WWII Incarceration

Part Four

Japanese American Responses to Incarceration

While the vast majority of Japanese Americans chose to obey the army’s exclusion orders, a few chose to challenge aspects of the exclusion and incarceration.

While the vast majority of Japanese Americans chose to obey the army’s exclusion orders, a few chose to challenge aspects of the exclusion. The cases of three such challengers—Gordon Hirabayashi, Fred Korematsu, and Minoru Yasui—ended up going all the way to the U.S. Supreme Court, with the Court ultimately upholding the legality of the racially based expulsion.

After unrest in the concentration camps in the fall of 1942, the War Relocation Authority (WRA) instituted an ill-conceived questionnaire in the early months of 1943 in an effort to separate the “loyal” from the “disloyal.” On the basis of answers to two key questions, the former were deemed eligible to enlist in the army or to leave the concentration camps to “resettle” in areas away from the West Coast, while the latter were segregated at the Tule Lake, California concentration camp.

When Japanese Americans’ eligibility for military service was restored in early 1943, thousands of Japanese Americans from Hawai`i, where there was no mass incarceration, flocked to enlist.
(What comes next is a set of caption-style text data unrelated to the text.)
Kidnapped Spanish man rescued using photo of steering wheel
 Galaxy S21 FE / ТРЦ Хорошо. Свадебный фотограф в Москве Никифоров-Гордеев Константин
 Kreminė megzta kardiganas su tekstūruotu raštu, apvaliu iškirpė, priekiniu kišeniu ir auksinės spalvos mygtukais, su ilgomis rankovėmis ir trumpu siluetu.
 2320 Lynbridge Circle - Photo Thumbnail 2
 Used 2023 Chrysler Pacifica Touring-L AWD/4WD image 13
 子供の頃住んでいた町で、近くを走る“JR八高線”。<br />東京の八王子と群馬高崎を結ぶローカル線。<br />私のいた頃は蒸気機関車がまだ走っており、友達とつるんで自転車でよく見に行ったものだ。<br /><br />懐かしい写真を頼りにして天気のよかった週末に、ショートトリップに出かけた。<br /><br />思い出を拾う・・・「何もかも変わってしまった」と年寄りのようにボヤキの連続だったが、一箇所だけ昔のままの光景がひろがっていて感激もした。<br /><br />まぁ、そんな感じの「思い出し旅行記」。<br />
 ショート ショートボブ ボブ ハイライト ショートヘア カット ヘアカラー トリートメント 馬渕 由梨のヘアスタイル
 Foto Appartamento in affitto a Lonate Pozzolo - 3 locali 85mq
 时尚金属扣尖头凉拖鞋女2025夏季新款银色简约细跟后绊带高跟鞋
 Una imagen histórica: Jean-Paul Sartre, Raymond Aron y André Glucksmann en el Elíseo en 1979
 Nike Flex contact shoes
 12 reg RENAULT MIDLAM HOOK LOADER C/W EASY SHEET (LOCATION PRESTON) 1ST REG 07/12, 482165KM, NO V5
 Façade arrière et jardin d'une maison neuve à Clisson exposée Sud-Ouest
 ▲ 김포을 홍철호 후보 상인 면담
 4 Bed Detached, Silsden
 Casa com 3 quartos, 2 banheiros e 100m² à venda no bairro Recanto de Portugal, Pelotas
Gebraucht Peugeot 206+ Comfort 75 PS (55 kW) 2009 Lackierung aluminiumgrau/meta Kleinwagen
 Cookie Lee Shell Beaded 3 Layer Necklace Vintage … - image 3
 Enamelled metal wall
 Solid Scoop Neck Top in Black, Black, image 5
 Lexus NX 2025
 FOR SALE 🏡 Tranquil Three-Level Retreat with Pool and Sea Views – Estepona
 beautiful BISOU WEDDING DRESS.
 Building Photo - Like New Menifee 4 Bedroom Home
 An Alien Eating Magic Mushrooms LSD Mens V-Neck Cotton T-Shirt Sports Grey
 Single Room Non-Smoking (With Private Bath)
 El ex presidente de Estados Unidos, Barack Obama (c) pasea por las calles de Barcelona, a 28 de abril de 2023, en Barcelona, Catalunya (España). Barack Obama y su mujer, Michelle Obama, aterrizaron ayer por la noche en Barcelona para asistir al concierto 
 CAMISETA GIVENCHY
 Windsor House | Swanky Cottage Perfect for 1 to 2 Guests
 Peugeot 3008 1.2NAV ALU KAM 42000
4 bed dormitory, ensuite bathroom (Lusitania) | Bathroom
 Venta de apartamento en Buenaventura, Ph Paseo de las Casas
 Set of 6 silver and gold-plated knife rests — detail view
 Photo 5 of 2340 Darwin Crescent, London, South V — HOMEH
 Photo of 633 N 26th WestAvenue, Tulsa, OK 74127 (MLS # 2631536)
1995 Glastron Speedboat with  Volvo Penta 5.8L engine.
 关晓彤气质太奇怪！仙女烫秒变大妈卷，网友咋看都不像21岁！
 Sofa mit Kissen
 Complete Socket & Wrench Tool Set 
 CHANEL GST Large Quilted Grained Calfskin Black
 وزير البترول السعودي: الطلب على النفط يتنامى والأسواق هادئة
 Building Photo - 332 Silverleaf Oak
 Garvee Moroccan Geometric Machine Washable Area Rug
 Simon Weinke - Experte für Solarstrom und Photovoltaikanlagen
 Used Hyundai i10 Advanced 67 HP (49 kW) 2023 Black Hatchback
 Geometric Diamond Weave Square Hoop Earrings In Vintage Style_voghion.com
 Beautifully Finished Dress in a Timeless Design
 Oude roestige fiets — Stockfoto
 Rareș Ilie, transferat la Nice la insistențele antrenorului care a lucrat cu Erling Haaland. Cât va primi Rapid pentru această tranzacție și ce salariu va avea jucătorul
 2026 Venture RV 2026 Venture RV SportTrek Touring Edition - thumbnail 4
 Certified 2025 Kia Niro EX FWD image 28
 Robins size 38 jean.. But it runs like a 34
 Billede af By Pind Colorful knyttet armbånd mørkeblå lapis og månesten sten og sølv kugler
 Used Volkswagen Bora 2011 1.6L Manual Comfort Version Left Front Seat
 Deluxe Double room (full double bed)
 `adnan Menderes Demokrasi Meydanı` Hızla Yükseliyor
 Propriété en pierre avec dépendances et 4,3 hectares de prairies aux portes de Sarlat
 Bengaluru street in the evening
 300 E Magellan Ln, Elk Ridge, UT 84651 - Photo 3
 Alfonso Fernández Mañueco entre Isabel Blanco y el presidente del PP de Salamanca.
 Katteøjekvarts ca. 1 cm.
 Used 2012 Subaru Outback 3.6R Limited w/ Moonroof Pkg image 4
By contrast, the number who chose to enlist out of the concentration camps was more modest, though many young men still chose to do so despite their family’s continued incarceration. Most became members of the segregated 442nd Regimental Combat Team, which fought in some of the toughest battles on the European front and became one of the most decorated units in the war. Others joined intelligence units in the Pacific as Japanese language specialists whose skills in interrogation and translation contributed greatly to Allied successes.

Though made to jump through many hoops by an overzealous security apparatus, thousands of mostly young Japanese Americans left the concentration camps in 1943 and ‘44 with the encouragement of the WRA. Prohibited from returning to the West Coast, they mostly headed east for college or for jobs and better opportunities. Substantial Japanese American populations formed in cities such as Chicago, Denver, and New York. The WRA—and even President Roosevelt—believed that the scattering of Japanese Americans around the country along with preventing the re-formation of ethnic communities would lessen prejudice against them.

In 1944, the army began drafting Nisei men from the concentration camps. While most reported for duty, some 300 resisted the draft, refusing to report until their community’s civil rights had been restored. The actions of these men proved to be deeply divisive among Japanese Americans, and the history of the draft resisters was largely suppressed in the community for some forty years.

At the end of 1944, the Supreme Court decided on a fourth relevant case, that of a young woman named Mitsuye Endo who challenged her continued incarceration despite her acknowledged loyalty. The Supreme Court’s decision in the Endo case led to Japanese Americans being allowed to return to the West Coast starting in January 1945.